One study found that “the likelihood of someone believing and sharing a story was determined by its coherence with their prior beliefs and the number of their friends who had already shared it—not any inherent quality of the story itself.” In other words we are much more likely to believe things which reinforce our biases and reflect the views of our peers than to allow new information to challenge our beliefs.
This fact is even more troubling when you consider that most of us seek out information from a limited number of sources which tend to support our beliefs. Not only do we resist believing challenging information, we resist even hearing it. Some have said this results in the “echo chamber effect;” our pre-existing beliefs reinforce themselves, echoing in our heads until all we hear is what we have spoken into the chamber.

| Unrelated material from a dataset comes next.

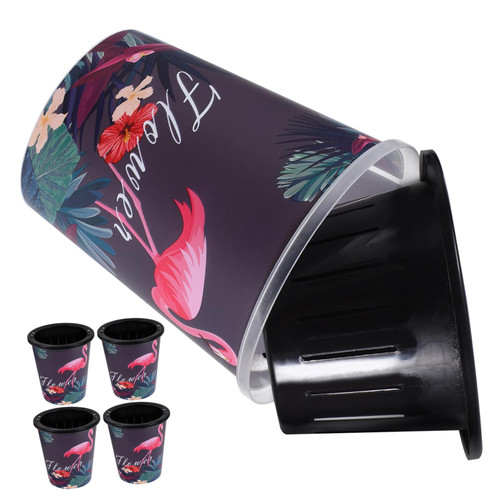 CIYODO 5pcs Flower Pots Succulents Pot Vintage Flowerpot Resin Planter Wood Grain Flowerpot Resin Flowerpot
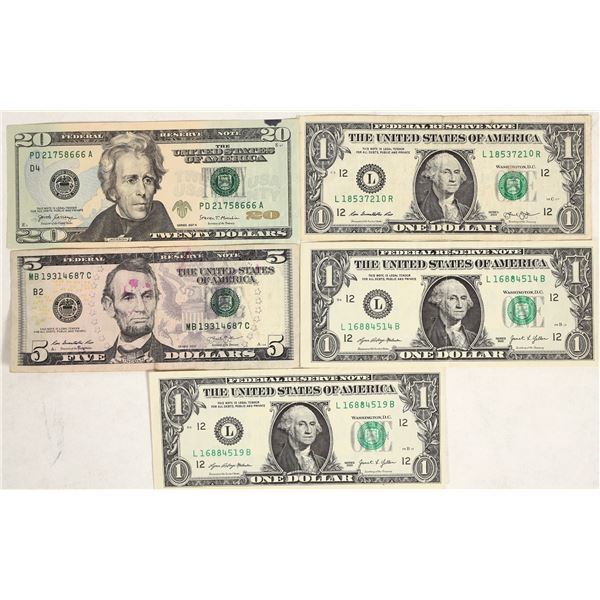 Currency Error Notes (5) [207430]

- It is common knowledge that the algorithms used by companies such as Google and Facebook give us ads and unsolicited news feeds which reflect choices we have previously made online. How aware of these practices are you when you use social media? How do you think they influence your beliefs and buying habits?
- When was the last time you went out of your way to read something which you knew would challenge your beliefs? Think about how you felt as you were reading; did you become angry, confused, energized, or more empathetic? Did it change you in any way?
- How do we break out of the echo chamber?
Twenty-sixth Sunday after Pentecost
(Text links are to Oremus Bible Browser. Oremus Bible Browser is not affiliated with or supported by the Evangelical Lutheran Church in America. You can find the calendar of readings for Year B at Lectionary Readings
For lectionary humor and insight, check the weekly comic Agnus Day.
Scholars debate the degree to which this week’s gospel lesson reflects the church’s expectation of an imminent second coming and the degree to which it is trying to offer consolation following the destruction of the Temple in Jerusalem, an event which ushered in massive social, religious, and political upheaval. The text probably reflects both purposes.
One thing is clear. We are not the first to live in times of anxiety and transition. We are not the first to think our world is about to be turned upside down by political forces or personal tragedy. Nor are we the first to deal with the temptation to obsess about “what might happen.” Jesus speaks of war, insurrection, conflict, famines, plagues, and what some take to be portents of a dire future—in short, the stuff of our daily headlines or news feed.
With all of this upheaval, Jesus says, you can expect persecution. In times of crisis and change people get scared—and when they get scared they look for scapegoats. It is not easy to be the follower of the Prince of Peace when the social climate clamors for law and order. It is hard to trust God when it feels like the wheels of society are coming off.
But that is exactly what Jesus invites us to do. “You will be hated by all because of my name. But not a hair of your head will perish. By your endurance you will gain your souls.” This is no glib promise that we will be bullet proof in the face of all adversity, but a promise that whether the fear that haunts us is a cyber-troll or what might happen following an election God will sustain us, if we dare to follow in the way of Jesus.
Our world invites us into echo chambers of fear. We get stuck in narratives of anxiety, repeating dire predictions of doom to ourselves until they become “truth.” Jesus invites us to hear another word. “Peace I leave with you; my peace I give you. I do not give to you as the world gives. Do not let your hearts be troubled and do not be afraid.” (NIV)
- What is one thing you depend on to give your life stability?
- What is your greatest fear? What can you do to waste less time in pointless fretting?
- It is an undeniable fact that many Christians have suffered physical harm because of their faithfulness. So how do we make sense of the promise, “…not a hair on your head will perish”?
Martin Luther is reputed to have said, “If I knew that tomorrow was the end of the world, I would plant an apple tree today!” Church Historian Scott Hendrix has said, “”This statement has not been found in his writings. Scholars believe it originated in the German Confessing Church, which used it to inspire hope and perseverance during its opposition to the Nazi dictatorship.”
Authentic to Luther or not, the saying speaks of acting in hope. Discuss with your group an action which you might take together to demonstrate confidence in God’s care in times when we are tempted to become fearful and despairing.
Faithful God, who brought all things into being, pushing back the chaos and establishing life on this planet, grant that we may trust to your ongoing care for your creation. When the foundations of our world shake, give us both the courage to speak your name in hope and the peace to rest in your abiding love. Amen.